Лейпциг, 7 июля 1747
Спустя двадцать четыре года после смерти Баха (он умер в 1750 году) барон по имени Готфрид ван Свитен, кому, кстати, Форкель посвятил свою биографию Баха, а Бетховен — свою Первую симфонию, имел беседу с королем Фридрихом. Барон вспоминает об этом так:
Он (Фридрих) говорил со мной, среди прочего, о музыке и о великом органисте по имени Бах, проведшем некоторое время в Берлине. Речь шла о Вильгельме Фридемане Бахе Я сказал, что этот музыкант наделен талантом, по глубине понимания гармонии и по исполнительской мощи превосходящим все, о чем я слышал и что я могу себе вообразить; те же, кто знавал его отца, утверждают, что тот был еще более велик. Король согласился с этим мнением и в подтверждение спел мне хроматическую тему для фуги, которую он когда-то дал старому Баху; по его словам, Бах тогда же, не сходя с места, превратил эту тему в фугу, сначала для четырех, потом для пяти и, наконец, для восьми голосов.[3]
Сейчас уже невозможно сказать, кто украсил случившееся фантастическими подробностями — Фридрих Великий или барон Ван Свитен. Однако этот случай показывает, что уже в то время Бах стал легендарной личностью. Представление о том, насколько удивительна шестиголосная фуга, дает тот факт, что среди 48 прелюдий и фуг «Хорошо темперированного клавира» встречаются только две пятиголосные фуги. Шестиголосных фуг там нет. Импровизацию такой фуги можно, пожалуй, сравнить с сеансом одновременной игрой в шахматы вслепую на шестидесяти досках, где мастер побеждает во всех партиях! Импровизация же восьмиголосной фуги находится за пределами человеческих возможностей.

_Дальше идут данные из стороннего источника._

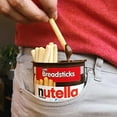 thumbnail image 2 of Nutella & GO! Hazelnut and Cocoa Spread with Breadsticks, Snack Pack, 1.9 oz each, 4 Pack, 2 of 3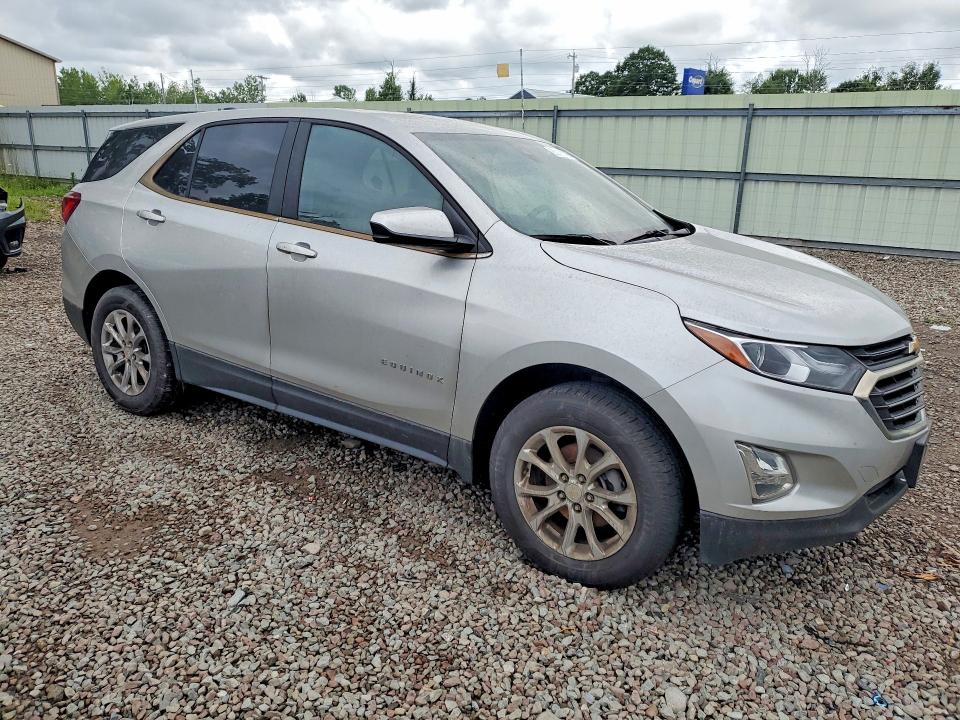 2021 Chevrolet Equinox VIN 3GNAXUEV6MS159462 COPART salvage auction — BURN, Ny - Mv-907A Salvage Certificate, sold $4,850 on 2026-08-29 (photo 4)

В рукописи, которую Бах послал Фридриху Великому, на странице, предшествующей нотам, была следующая надпись:
Рис. 4. Акростих Баха «РИЧЕРКАР».
(«По повелению Короля мелодия и дополнение разрешены каноническим искусством».) Здесь Бах играет со словом «канонический», обозначающим не только «при помощи канонов», но также «наилучшим образом». Начальные буквы этой надписи составляют итальянское слово
RICERCAR
(РИЧЕРКАР), означающее «искать», «исследовать». Действительно, «Музыкальное приношение» представляет собой достойный объект для исследования! Оно состоит из трехголосной и шестиголосной фуг, десяти канонов и триосонаты. Музыковеды считают, что трехголосная фуга, скорее всего, та самая, которую Бах симпровизировал для короля. Шестиголосная фуга — одна из самых сложных Баховских композиций; она основана, конечно же, на Королевской теме. Читатель найдет эту знаменитую тему на рис. 3. Она очень сложна, ритмически причудлива и полна хроматизмов (то есть звуков в другой тональности). Для среднего музыканта было бы нелегко написать даже приличную двухголосную фугу, основанную на такой теме.